Margaret Buckton, an advocate for Rural Schools Advocates of Iowa said she is also concerned about affordability as broadband expansions continue to be funded by the Legislature. Without competition that drives down cost, she said rural parts of the state will continue to see disparities in broadband access.
“Down the road, we’ll have to address the affordability of the internet,” she said. “We have a lot of rural schools with more than half the students eligible for free and reduced price lunch, which means their families probably cannot afford the internet. Internet has to be regulated so that it is affordable for all families.”
The COVID-19 spotlight
After a year of working and learning from home and telemedicine because of the COVID-19 pandemic, the need for expanded broadband services in Iowa is clear, Buckton said.
She said the funding allows for a breakdown of the “homework gap,” where students without internet access fall behind in school because of a lack of internet access, as well as better access to online classes.
“Internet access has always been a concern for rural schools, and it was really highlighted during the pandemic,” she said. “We had a student who had to take his AP test in a tractor because the GPS had a better connection than he did at his house. We had students and staff who had to drive to schools to connect to hotspots even though school wasn’t physically in session.”
Buckton said the funding could also allow for less money to be spent on textbooks and physical resources if quality internet connectivity becomes universal in rural communities.
The legislation will also allow for better access to health care, said Brian Waller, the president of the Technology Association of Iowa.
“One of our members, UnityPoint Health, is doing telemedicine at an increased level now, in big large metros, and rural communities that are trying to access their health care providers,” he said. “To do that, you need internet speed and latency so there are no hiccups in access.”
The economy is also projected to benefit from House File 848, Waller said.

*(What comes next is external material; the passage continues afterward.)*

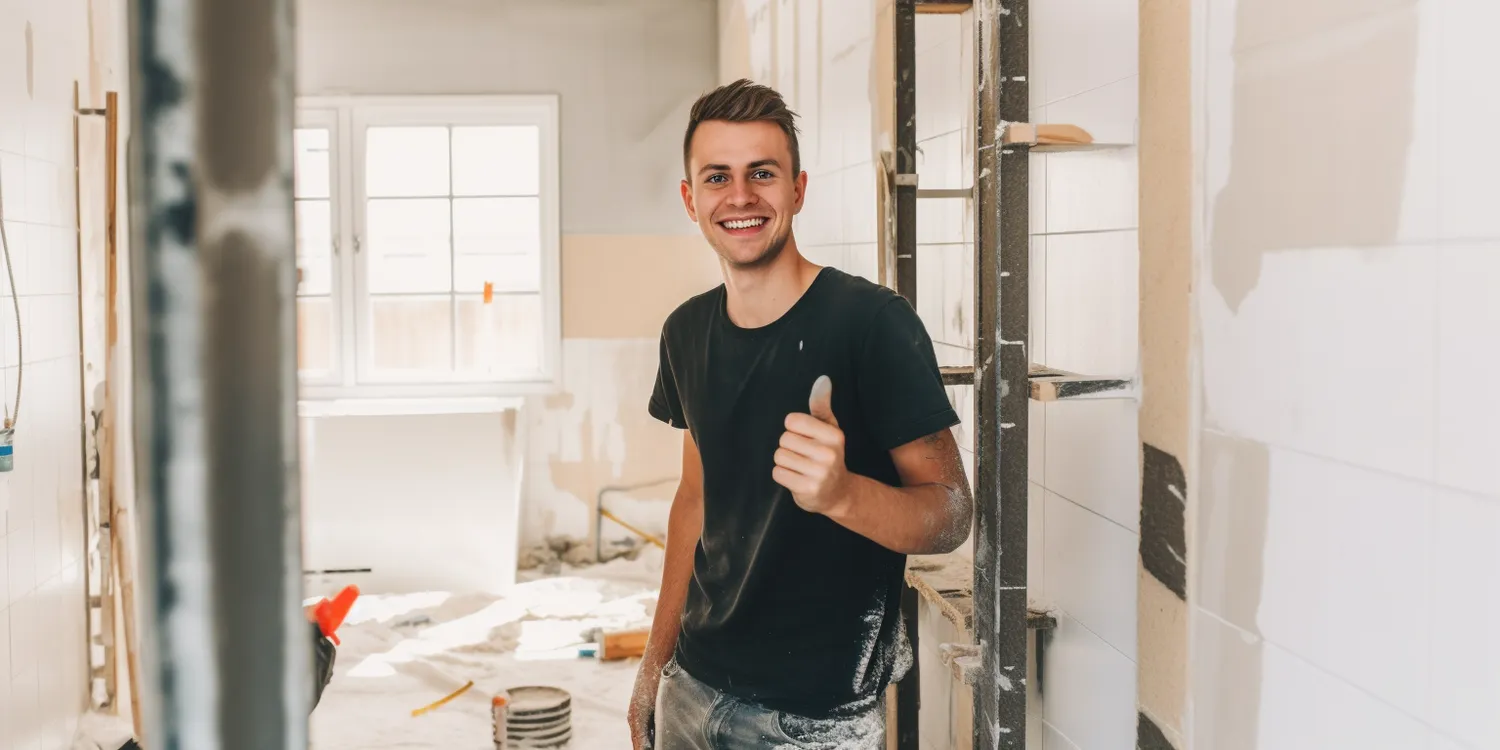 Co to znaczy mieszkanie do wykończenia?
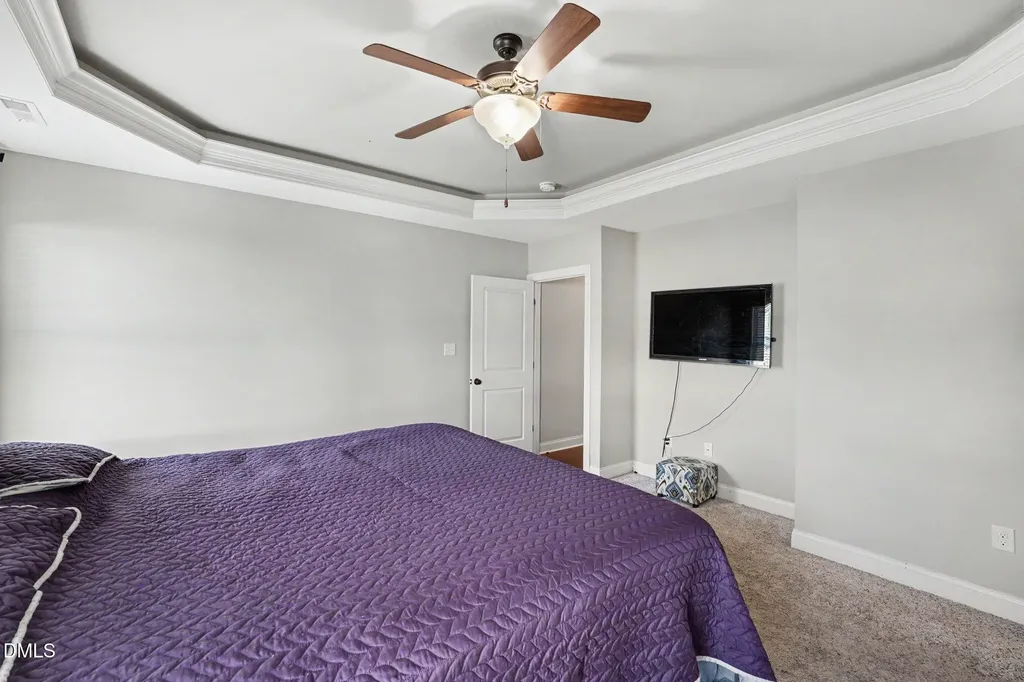 123 Kaspurr Drive Garner NC 27529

As telecommuting grows in various sectors of the economy, he said rural Americans will have better access to jobs with bills like this.
“Technology infrastructure is absolutely what Iowa needs to be focused on to be part of the future economy, and the state is,” he said. “An impact of this legislation overall is access to the workforce. There is a war for talent going on right now and this can really flatten workforce issues.”
National broadband expansion
Iowans are working to expand broadband across the country, too. U.S. Sen. Chuck Grassley introduced the Assisting Broadband Connectivity Act with U.S. Sen. Amy Klobuchar, D-Minn., last week.
The bill looks to streamline funding for broadband in rural America.
“This bipartisan bill makes common-sense updates to help areas connect all the pieces from both the state and federal level to get some of these expensive and urgent rural broadband projects done,” Grassley said in a press release. “Completing these projects in every corner of our state is critical infrastructure to people’s lives and livelihoods.”
Behrens said Iowa’s law stands out compared to other states by increasing the internet speed it asks companies to create. The legislation moves the standard investment to 100 megabits downstream and upstream.
“In prior years, eligibility was based on whether or not broadband was available at a speed level of 25 megabits per second down, three megabits per second up,” he said. “… What we are looking at now is a different concept.”